[[ THE DATA open ]]

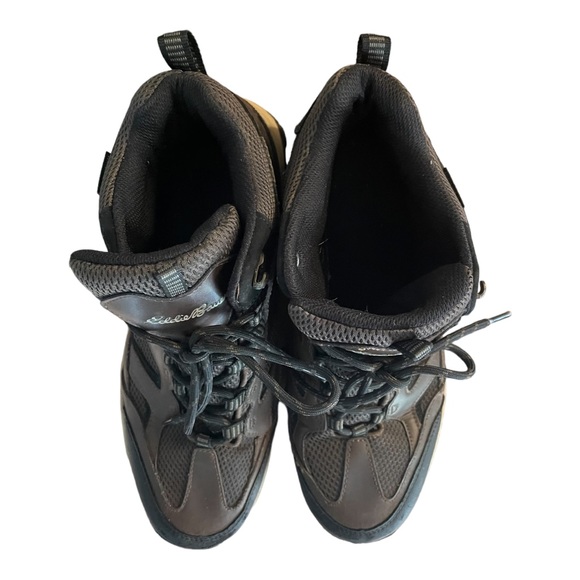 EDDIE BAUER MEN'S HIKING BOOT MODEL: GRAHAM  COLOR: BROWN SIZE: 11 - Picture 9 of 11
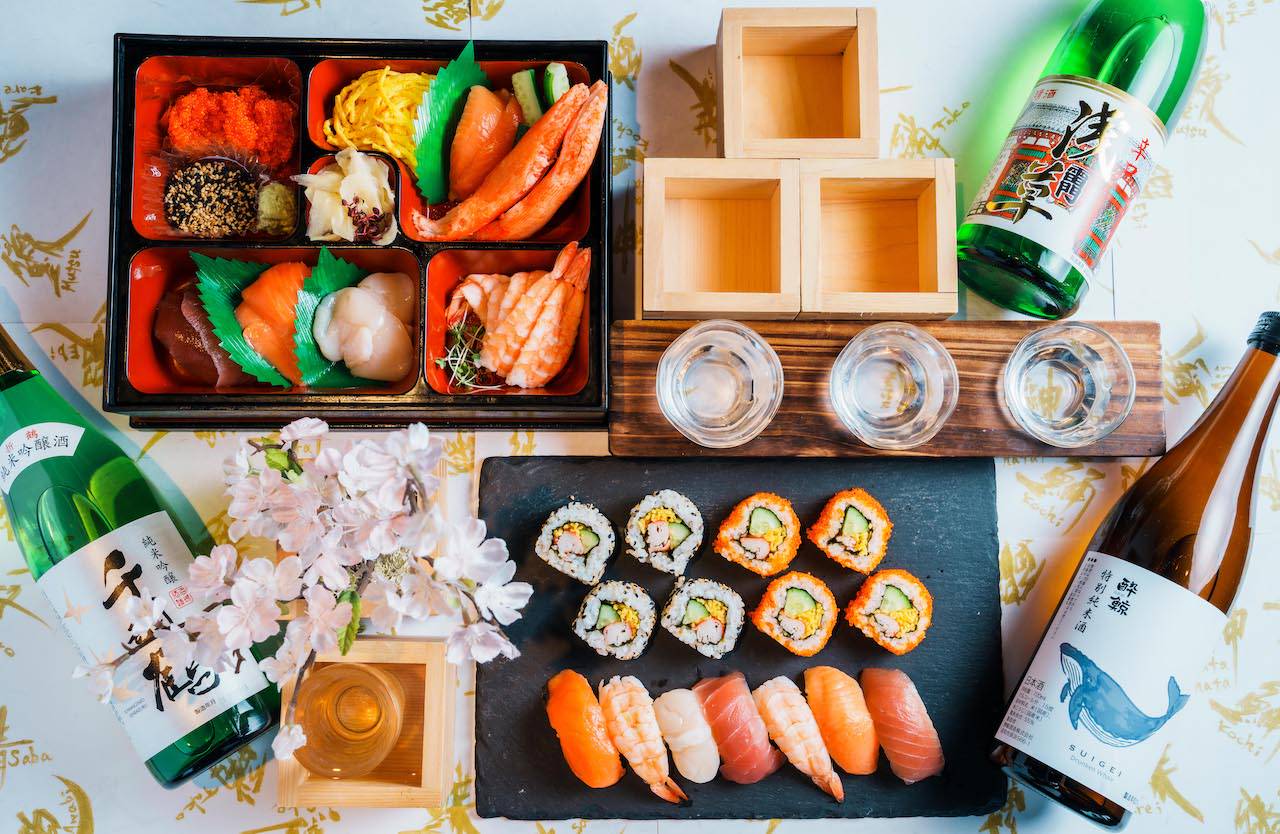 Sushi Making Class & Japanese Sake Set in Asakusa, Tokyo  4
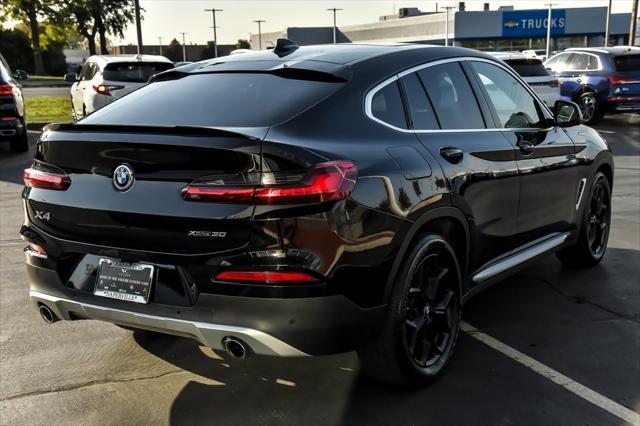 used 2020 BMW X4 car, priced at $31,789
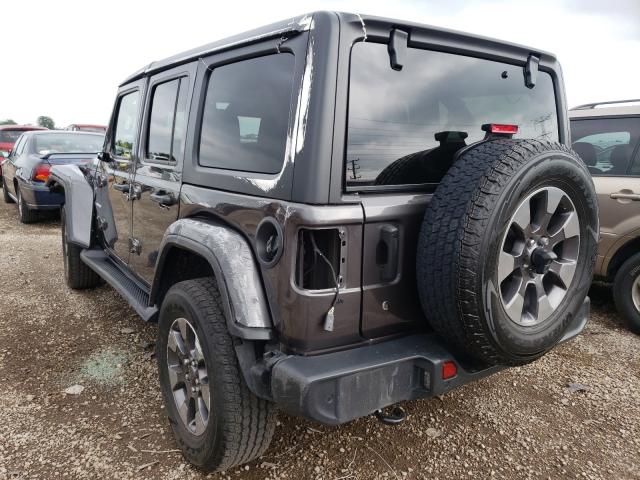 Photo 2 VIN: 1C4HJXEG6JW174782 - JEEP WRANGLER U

[[ THE DATA closed ]]

WORK TASK:
Each line of the data must be transcribed exactly; pictures are not carried over.

WRITTEN ANSWER:
 EDDIE BAUER MEN'S HIKING BOOT MODEL: GRAHAM  COLOR: BROWN SIZE: 11 - Picture 9 of 11
 Sushi Making Class & Japanese Sake Set in Asakusa, Tokyo  4
 used 2020 BMW X4 car, priced at $31,789
 Photo 2 VIN: 1C4HJXEG6JW174782 - JEEP WRANGLER U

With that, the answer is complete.